Improving Every Opportunity – Bruno Junqueira

Bruno Junqueira climbed the racing ladder in Europe and started racing in the United States with great expectations placed on him from his team owners. Bruno’s ethic of always improving had earned him great results with prominent teams and has elevated smaller operations. His abilities and determination are two valued assets that give him the potential to achieve success in sports cars.

Mecca of Speed: How have you adjusted your driving style from your primary experience in the open wheel formula to this Jaguar sports car?

Bruno Junqueira: I have to find a little bit more in the car. Kenny Wilden drove this morning so I’ve only turned about three laps so far this weekend. It’s very different because we don’t have much downforce compared to a single seater. In the slow corners the car is pretty good but when you go to the high speed corners that I could take flat out in an open wheel car I now have to brake.

Corners like the Kink and the Carousel are very different in a sports car compared to when I drove them in ChampCar. Those cars had massive wings that generated a lot of downforce.

At the end of the day you can drive single seaters, this Jaguar, or even a bike, it’s always fun here.

Mecca of Speed: How has your experience been working with a co-driver, having to find a set-up that works for both drivers?

Bruno Junqueira: It’s been very nice. Kenny is a super nice guy and a great driver. Our driving styles are very similar so we are after the same thing. Our set-up for the car is identical, which helps us move forward.

This is the first time I’ve worked with a co-driver and I’m enjoying it.

Mecca of Speed: Being a production based GT car, how much do you have to work with the aero and mechanical package?

Bruno Junqueira: We have plenty of options to work with just like a single seater. Sometimes it takes a little longer to make a change because the car is not designed originally as a racecar. There are more parts we have to take out of the car to get to what we want to change.

Other things are faster. Changing the engine can be done faster in this car compared to an open wheel car.

Mecca of Speed: You have had some open wheel time qualifying at Indy this year in addition to running a full season in the ALMS. Is this first season a test to see if sports cars are your long-term future?

Bruno Junqueira: When I was 24 and won my first race here at Road America in 2001 I thought when I was about 35 I would transition to sports cars. I’ll be 35 in a few months and life has put me in this situation, I have this chance to drive for Jaguar and I’m enjoying it.

You never know what is going to happen in your life or in the future. I’m enjoying my time here.

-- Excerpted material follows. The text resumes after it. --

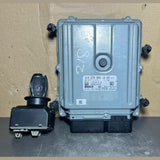 Mercedes W218 ECU Engine Control Module Ignition Key Switch Set A278 9001000 OEM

Mecca of Speed: Now you have a passenger seat driving a sports car so you can take your son with you for in installation lap.

Bruno Junqueira: Yah, when he grows a little bit we will do that for sure.

Mecca of Speed: Paul Gentilozzi owned the Rocketsports ChampCar team and now runs JaguarRSR. Was the relationship started in ChampCar that lead to your opportunity with this team in the ALMS?

Bruno Junqueira: I’ve known Paul for 8-9 years and he has always had very competitive teams. At the end of last year he called and asked me to come driver for him.

Mecca of Speed: When you came to the U.S. and started racing for Chip Ganasis in ChampCar you made significant gains as a driver between your first and second season. Did those improvements come from working with the crew, the engineers, or a bit of both?

Bruno Junqueira: I think a few things happened in my second year at Ganassi.

In 2001 there was a lot of expectations placed on Nicolas Minassian and myself to win the championship in our first year, like Juan Montoya did. Unfortunately it was really hard because we were two rookie drivers, not just as rookies to ChampCar but to racing in the U.S. Montoya had Jimmy Vasser to help guide him in his first year. He also had the Reynard/Honda combination that won the championship the three previous years.

I started in the Lola/Toyota combination, which Montoya finished in 9th the previous year. The car had a lot of promise, but was not as good as the Reynard/Honda combination. I learned things the hard way, all the tracks, how to race on ovals, how to handle full course yellows and working with the team.

In 2001 we worked hard to improve the car, which gave us a strong car for 2002. I was a much better driver, but also had a much better car. If I had the 2002 car in 2001, I could have done better. Not as well as I did in 2002, but I would have been more competitive.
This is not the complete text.